United States District Court, District of Arizona
Feb 27, 2023
CV 22-1395-PHX-JAT (D. Ariz. Feb. 27, 2023)

Opinion

CV 22-1395-PHX-JAT

02-27-2023

Midtown Hotel Group, LLC, an Arizona limited liability company, Plaintiff, v. Selective Insurance Company of America, a New Jersey corporation; The Hartford Steam Boiler Inspection and Insurance Company, a Connecticut corporation, Defendants.


ORDER

James A. Teilborg Senior United States District Judge

Pending before the Court is a stipulation to extend time for Plaintiff to respond to a motion to dismiss. (Doc. 62). The basis for the stipulation is that the parties have some ongoing discovery issues that may impact the evidence that Plaintiff seeks to attach to its response to the motion to dismiss. The parties are also discussing whether certain evidence needs to be sealed.

Meanwhile, while the stipulation was pending, the deadline to respond expired, and “out of an abundance of caution” Plaintiff filed a preliminary response. (Doc. 63). In that filing, Plaintiff seeks to amend or supplement the preliminary response if the Court grants the stipulation. (Id. at n. 1).

The stipulation raises many concerns. First, the pending motion to dismiss is filed pursuant to Rule 12(b)(6), which generally means the Court cannot take evidence from either party. Fed.R.Civ.P. 12(d). Moreover, taking evidence from a plaintiff is rarely an issue because the Court must accept as true any fact alleged by Plaintiff. See Shwarz v. United States, 234 F.3d 428, 435 (9th Cir. 2000). Thus, the fact that Plaintiff needs additional time to discover evidence and discuss the treatment of such evidence, generally, does not present good cause for an extension of time because presumably the Court cannot consider the evidence in deciding a Rule 12(b)(6) motion.

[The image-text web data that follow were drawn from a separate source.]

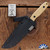Blackside Customs Rogue 1, Black Magnacut, Brass Handle, Sawtooth Spine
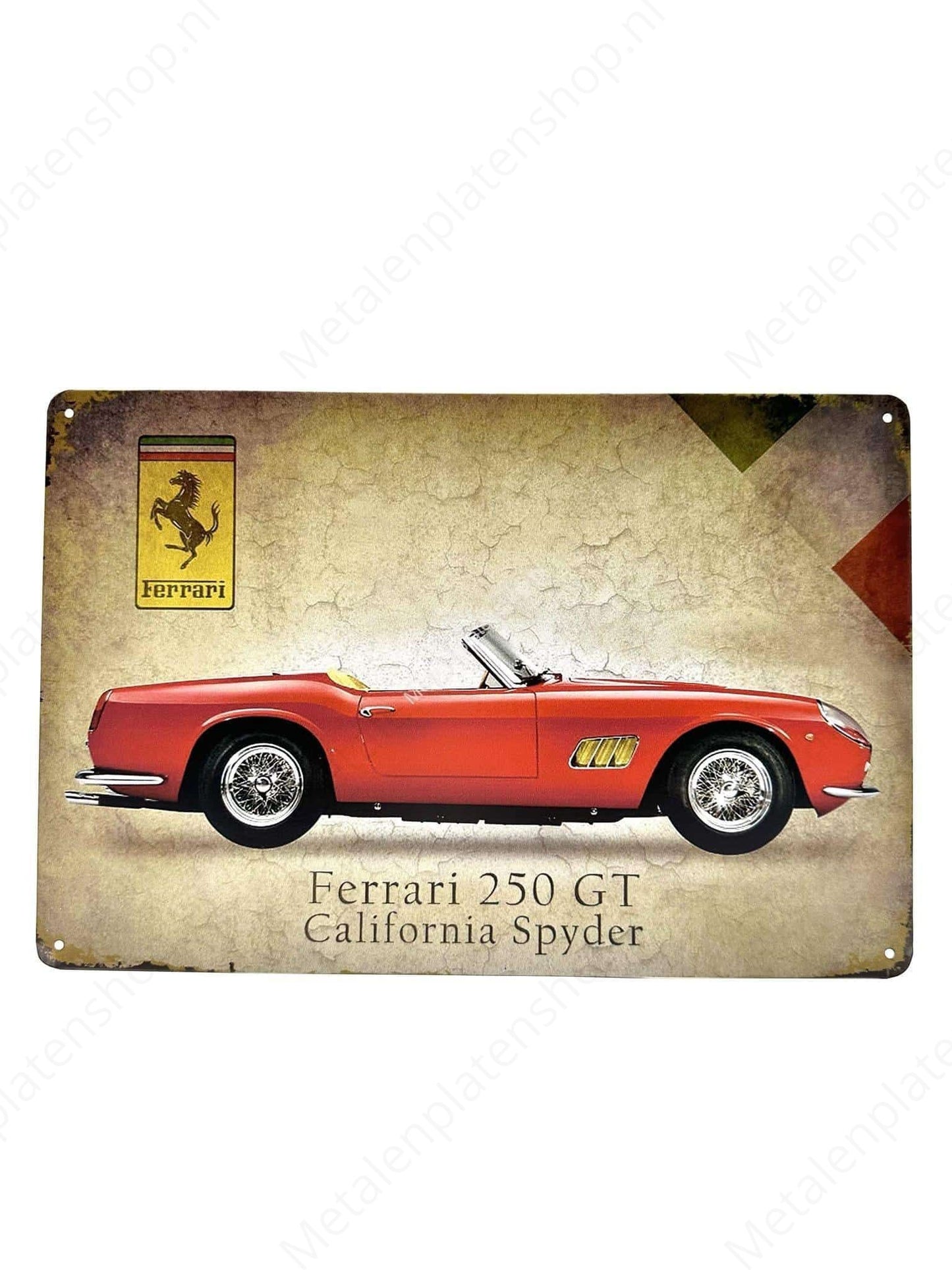 Ferrari 250GT California Spyder 2 – Metallwandschild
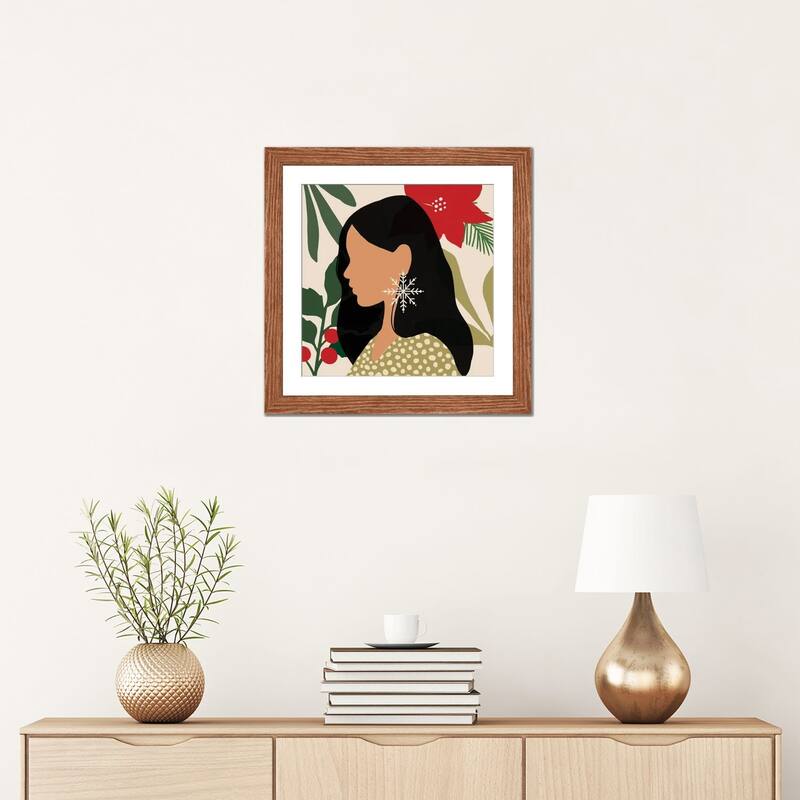 iCanvas "Christmas Earring II" by Victoria Barnes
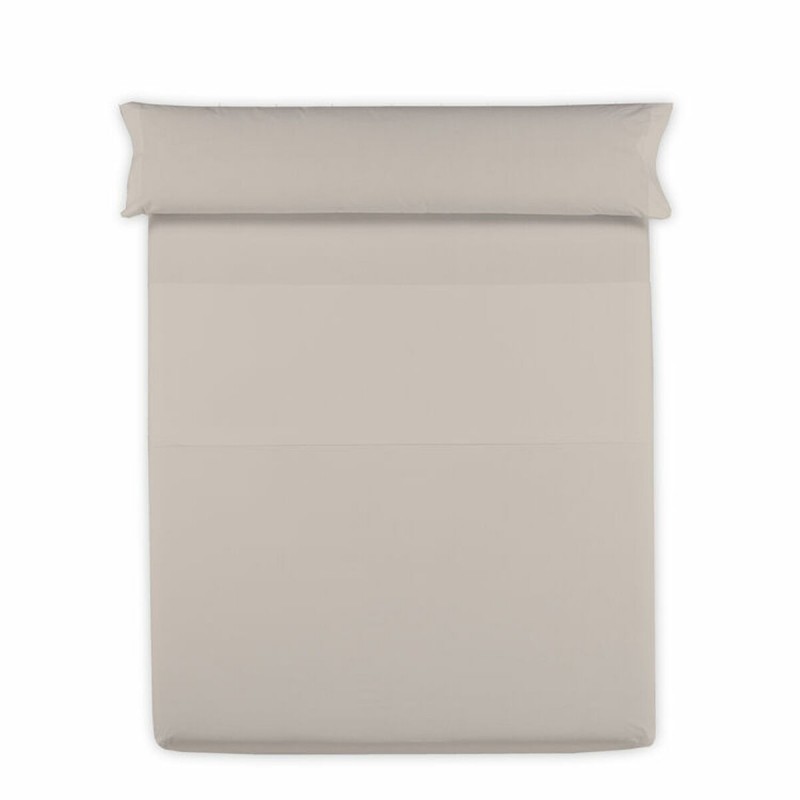 Lenzuolo Superiore Hosteline Mixcolors Terra Singolo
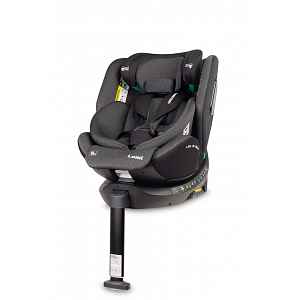 Caretero Autosedačka Lumi i-Size 40–150 cm, Isofix,  360°, růstová,  tm. šedá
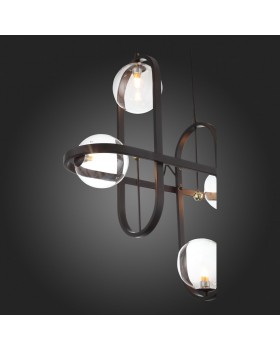 SL1201.403.04 Светильник подвесной ST-Luce Черный/Прозрачный G9 4*5W CIRCONO-foto3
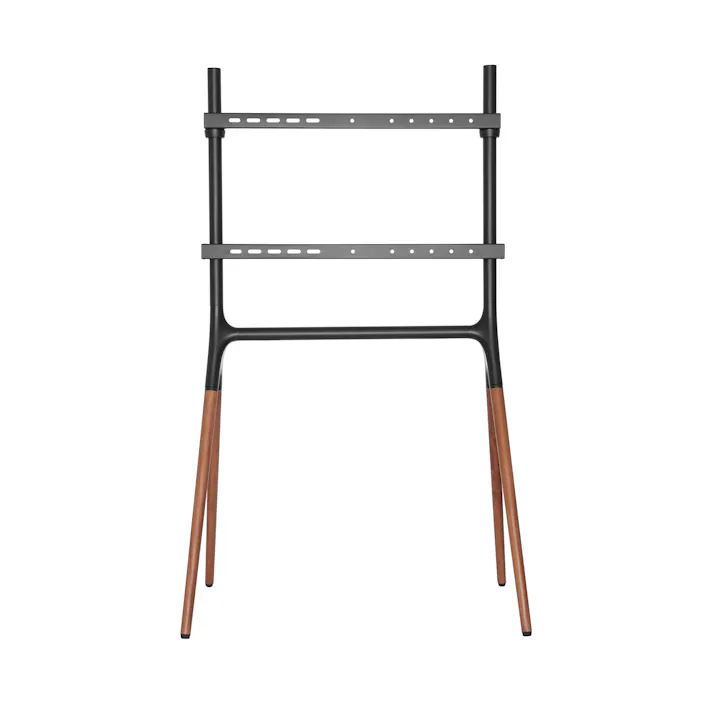 テレビスタンド /色:ブラック / 幅82×奥行53×高さ138cm / テレビスタンド テレビ台 TVスタンド TV台 イーゼルタイプ ハイタイプ おしゃれ 自立式 天然木 組立式 【送料込み】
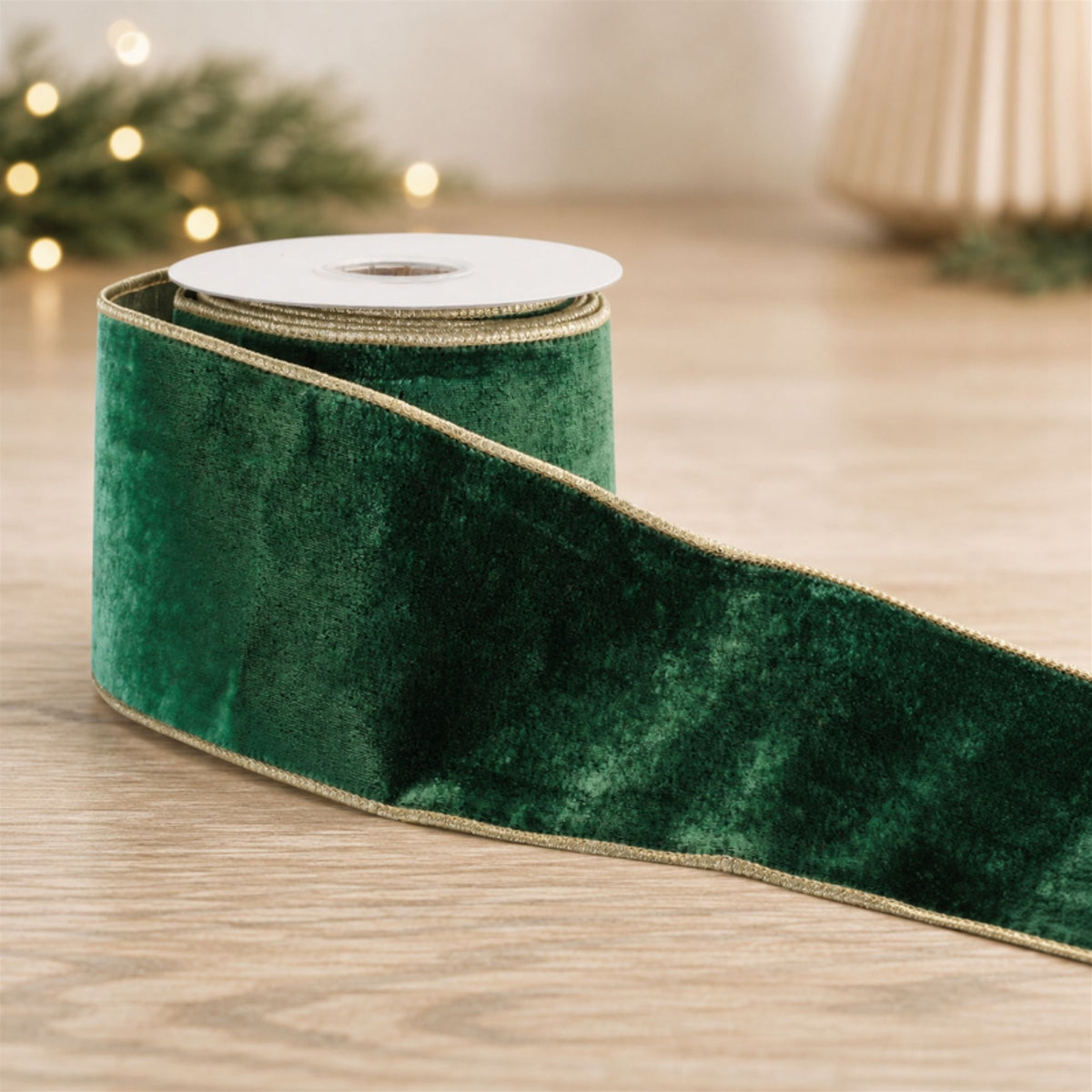 Velvet Wired Ribbon (Set of 2)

The Court has not drilled down into the parties filings to attempt to determine why Plaintiff thinks it needs to submit evidence, but one of two things is likely true: either Defendant is disputing the facts Plaintiff alleged in the amended complaint in the motion to dismiss and Plaintiff is trying to “prove” its allegations; or Plaintiff failed to make some needed factual allegations in the amended complaint and is trying to cure that deficiency with evidence in response to the motion to dismiss rather than by further motion to amend. Neither of these scenarios is legally appropriate for the Court's consideration of a motion filed under Rule 12(b)(6).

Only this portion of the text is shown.